Center for Automotive Research
Management Briefing Seminar
July 31 – August 3 2017 – Traverse City, MI
Attendance at the Center for Automotive Research (CAR)’s annual Management Briefing Seminar in Traverse City returned to levels not seen since before the Great Recession. More than 1,000 attendees converged on the summer resort town of Traverse City, Michigan, about four hours northwest of the Motor City. This event has a reputation for attracting movers and shakers in the automotive industry and spawning big announcements. This year was no exception in the concentration of senior executives but, alas, no major industry news emerged during the 4-day conference. The announcement of Toyota’s purchase of a 5% stake in Mazda came the following day on August 4, almost intentionally timed to avoid the conference. Executives from both companies had prominent stage time but not a peep about the deal.
The most interesting aspect of the week was the contrast between the agenda – laden with sessions on electrification, autonomy and ride/car sharing – and the conservative forecasts by the OEMs about the expected rate of penetration of these new technologies and business models. But despite the official forecasts, it was refreshing to see the industry actively engaging in the future of the industry. The conversation has clearly moved on from “if” to “how fast” we will see these new technologies and business models emerge. Some interesting statistics were cited to support each:
- Electrification: we will see battery costs at $100 per kw-hr by 2025 and LG Chem is already selling batteries to GM at $146 per kw-hr
- Autonomy: the cost of car accidents is estimated at $836 billion and 90% of the 40,000 deaths each year are caused by driver error (NHTSA).
- Car/ride sharing: 30% of the cars on the street in urban centers are looking for parking.
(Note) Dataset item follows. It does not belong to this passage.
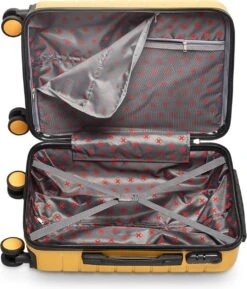 Swiss Alpine 2.0 - Handbagage Koffer - 55x35x20 Cm - 4 Wielen - Geel 10 Swiss Alpine 2.0 - Handbagage Koffer - 55x35x20 Cm - 4 Wielen - Geel -Koffer Winkel 1027x1200 1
One of the more compelling presentations of the week was by Elizabeth Griffiths, Director of Engineering at Faurecia. She spoke about AutomotiveNEXT, an industry group that seeks to empower women to achieve their full potential. Elizabeth shared some interesting data about the impact of the share of your candidate pool that are female on the odds that a female will get the position. She closed by saying that Mary Barra, CEO of GM, was committed to changing the role of women at the company and was “creating a field of dreams at GM”.